Speaking at the 47th annual conference of the Council of Boards of School Education in India (CoBSE), which began here on Thursday, Gogoi also expressed concern over the casual approach of a section of teachers in evaluation of answer scripts. He also rued that many teachers were not maintaining integrity during invigilation.

The theme of the three-day conference is Integrity in Conduct of Examinations.

The chairman of the Board of Secondary Education, Assam, (Seba) R.C. Jain, said they also have plans to install jammers in examination centres but it will take some time as they want to install jammers in all their 857 examination centres.

Seba conducts the matriculation examination in the state.

“We do not want to install jammers only at a few selected examination centres as it would amount to discrimination among examinees of different centres,” he added.
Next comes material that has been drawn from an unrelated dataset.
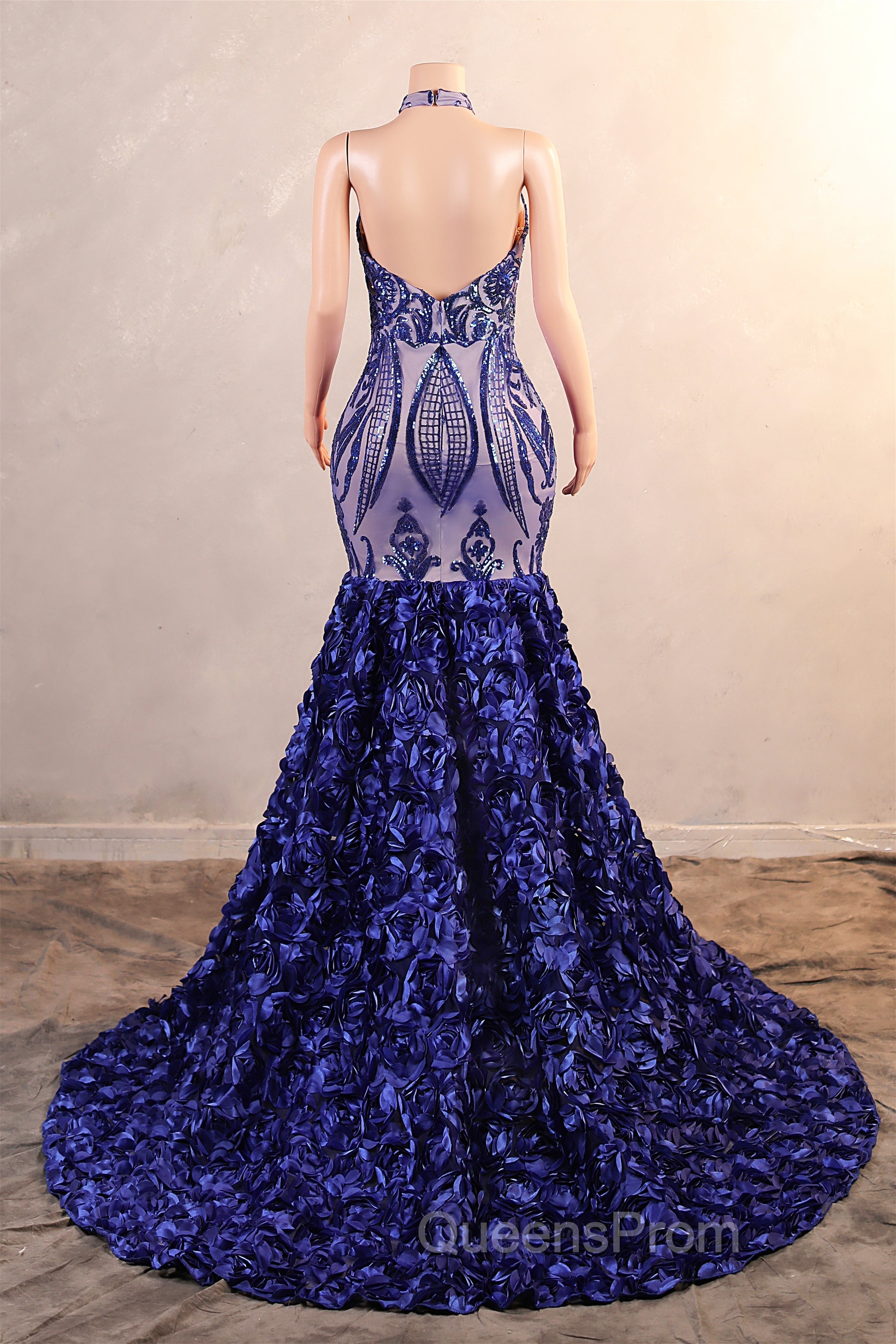 Royal Blue Mermaid Evening Prom Dress Sequined Lace Flowers Halter Neck Backless Long Gowns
“Leakage of question papers and casual approach of some evaluators during evaluation of answer scripts and tabulation of marks are some of the major challenges before us,” said Jain, hoping that the conference would deliberate upon how to overcome these challenges to achieve an error-free examination system.

Inaugurating the conference, Assam chief minister Sarbananda Sonowal hoped that the conference would produce innovative ideas to guide the Indian education system.

During the conference, representatives of school examination boards from across the country and Nepal and Bhutan will be discussing strategies to ensure fair examinations.

“We hope that the deliberations in the convention on Integrity in Conduct of Examinations will conclude on a positive, meaningful and decisive note,” said council chairman Dayananda Borgohain.

CoBSE president Asano Sekhose and its general secretary Pran Chand are also attending the conference.